1: Package Control
Package Control is without a doubt the first and most important plugin you’ll need. This will let you download and manage all of the new custimsations you’ll make to Sublime.
That’s important because Sublime is made to be customized, and with time and care it can become one of the most powerful tools you use for front end web development.
Emmet.io allows you to code HTML and CSS much quicker with some amazing shortcuts, making normally fiddly jobs like building nested html elements a breeze.

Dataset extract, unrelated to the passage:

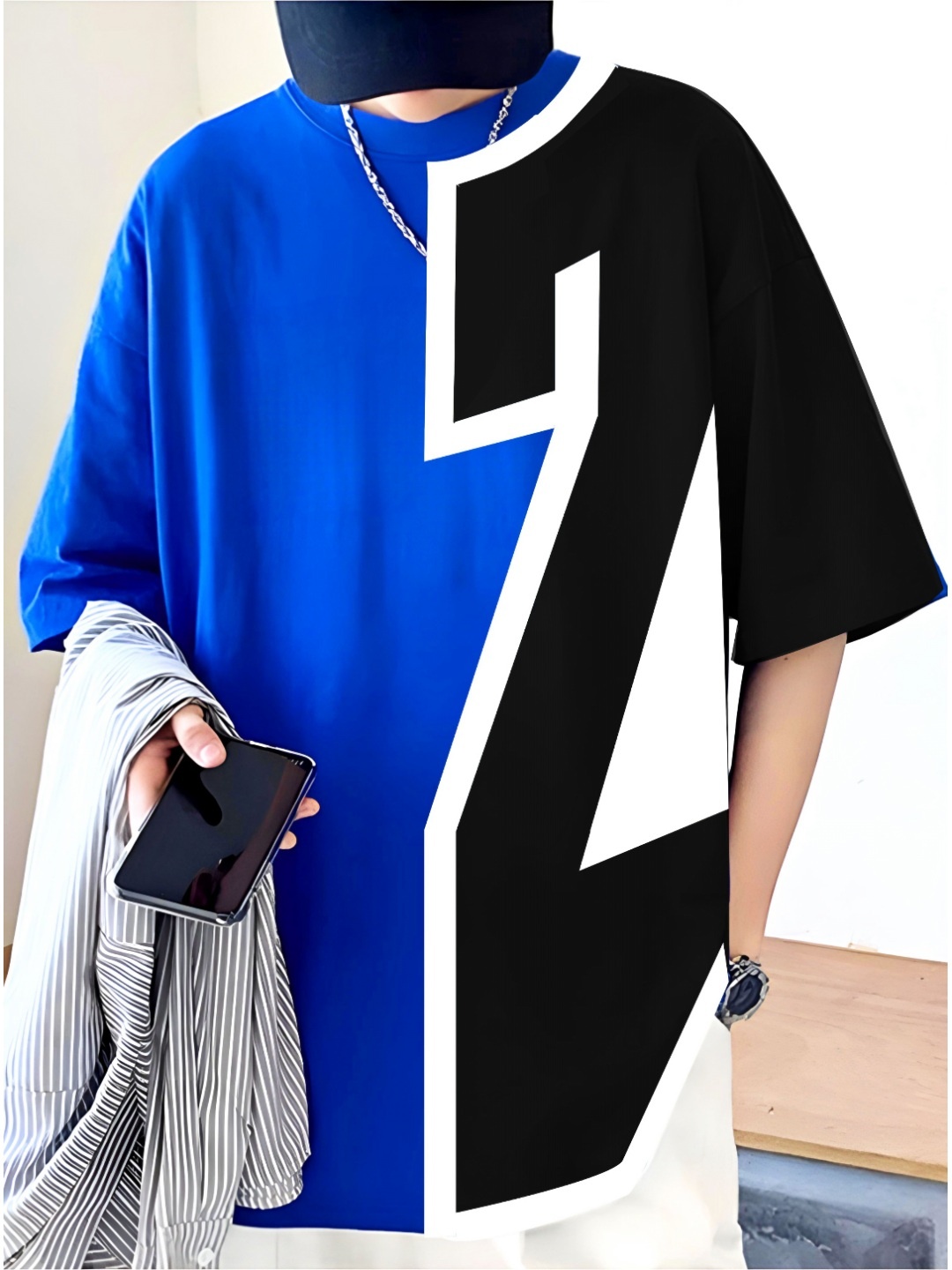 

ZEN1 FASHION Men Abzorb Colourblocked Round Neck Cotton Oversized T-shirt, Blue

It includes shortcut commands for every major HTML and CSS element allowing you to build your code in a fraction of the time. I even have a dedicated blog entry on it here.
3: Sublime Linter
Sublime Linter is a base plugin that will mark errors in your code within Sublime. Allowing that nasty missing character or typo to be pointed out to you right away.

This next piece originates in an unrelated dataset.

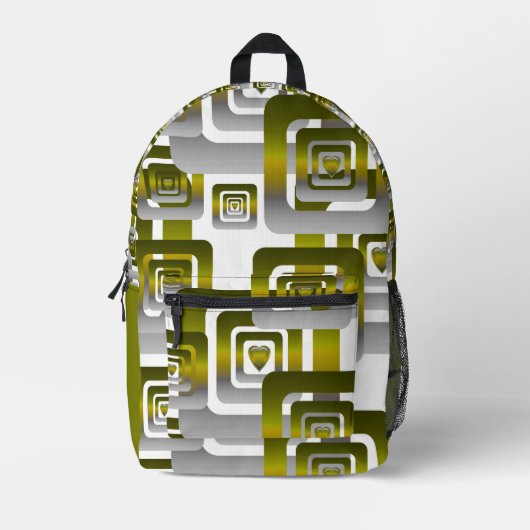 Activate My Heart Pattern Silver Bedruckter Rucksack (Vorderseite)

You must install this first, then install the extensions for the different languages such as: htmlhint, csslint, jshint, scsslint, eslint, bootlint and more...
4: Sidebar Enhancements
Sidebar Enhancements turns what is a simple and not very useful sidebar that comes with sublime into a much more functional navigation and management menu.

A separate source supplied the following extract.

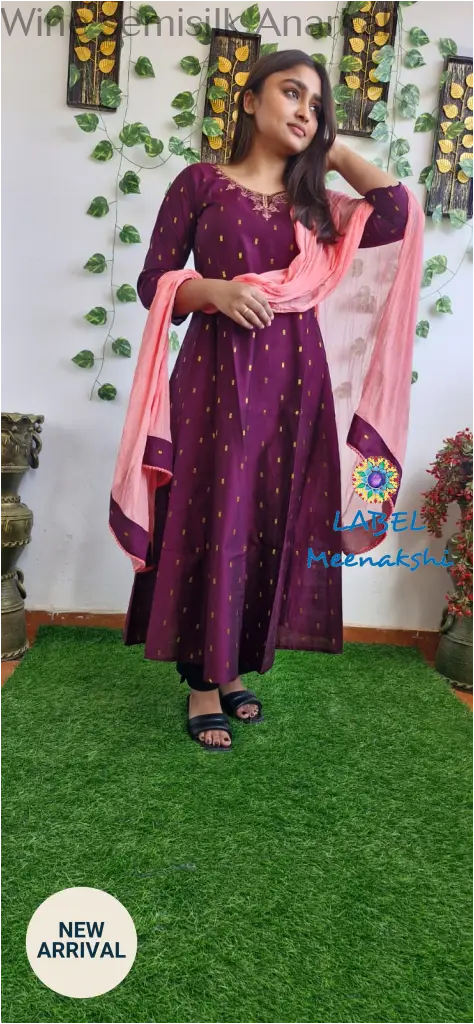 Wine semisilk Anarkali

You can add new files, folders, open files, explore, duplicate, move, and much ore with this plugin and it is a must for anyone planning on building complicated projects in Sublime.
5: All Auto-complete
All Auto Complete is a pretty simple premise, Sublime looks for your current document for classes, ID’s variables and methods to help you autocomplete.
TThis plugin will look at every file in the project folder, meaning it will bring up suggestions for css classes, js methods, html classes etc. no matter the document you are in.
Alignment does what it says on the tin, it aligns your code. You can set it up to auto align on save or through a handy shortcut command
Just select all and align and it will make sure all your code is correctly spaced, tabbed and formatted. It may sound simple, but it saves a lot of time and hassle.
7: Bracket / Color Highlighter
Brack Highlighter allows you to clearly see where one element or bracket starts and ends, something that in a complicated code file can be a real hassle to spot.
Color Highlighter subtly underlines your colours in css so you can get a preview of the colour you are using in the code. Again another must have tool when styling.
8: Predawn Skin
Predawn is my favourite skin for Sublime 3, that doesn’t just change the colour scheme, but the icons and overall interface to make it more modern sleek and usable.
It may not seem like a priority, but when you are developing for so many hours during the week, having something that is easy on the eyes truly helps.
And that completes this entry, hope it get's you excited for the potential of this code editor for front end development!